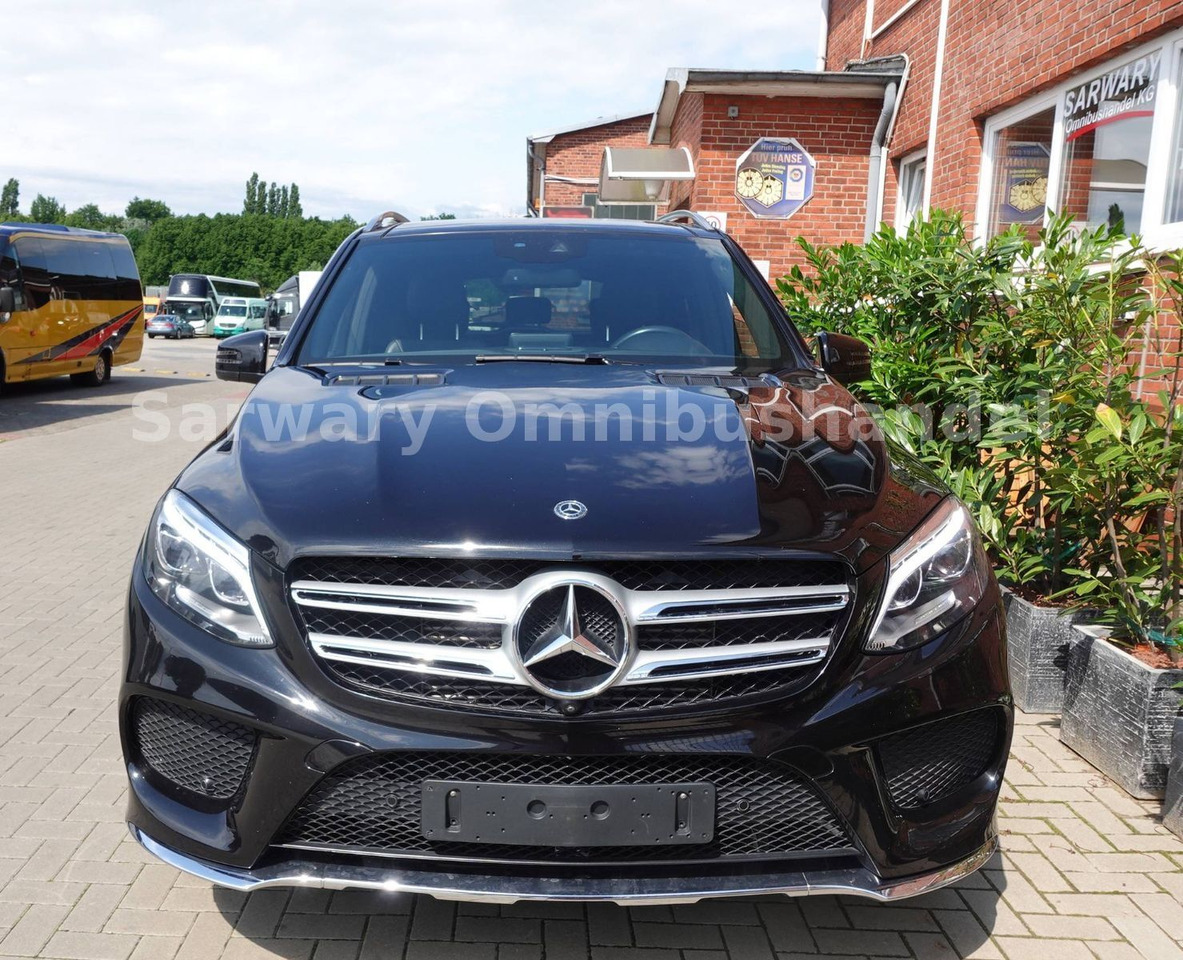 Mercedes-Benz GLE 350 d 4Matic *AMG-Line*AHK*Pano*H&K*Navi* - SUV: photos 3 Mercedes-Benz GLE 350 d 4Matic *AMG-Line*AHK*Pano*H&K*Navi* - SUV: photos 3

^^^^

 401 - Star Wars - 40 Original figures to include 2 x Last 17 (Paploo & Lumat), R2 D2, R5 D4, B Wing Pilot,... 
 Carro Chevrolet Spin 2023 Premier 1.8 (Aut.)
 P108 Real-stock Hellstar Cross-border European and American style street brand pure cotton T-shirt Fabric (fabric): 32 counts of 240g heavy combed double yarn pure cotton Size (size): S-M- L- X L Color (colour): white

^^^^

◆ Problem
Everything above from the line containing "401 - Star Wars" through the line containing "P108 Real-stock Hellstar" must be copied exactly. Nothing outside that range belongs in the answer.

◆ Exercise output
 401 - Star Wars - 40 Original figures to include 2 x Last 17 (Paploo & Lumat), R2 D2, R5 D4, B Wing Pilot,... 
 Carro Chevrolet Spin 2023 Premier 1.8 (Aut.)
 P108 Real-stock Hellstar Cross-border European and American style street brand pure cotton T-shirt Fabric (fabric): 32 counts of 240g heavy combed double yarn pure cotton Size (size): S-M- L- X L Color (colour): white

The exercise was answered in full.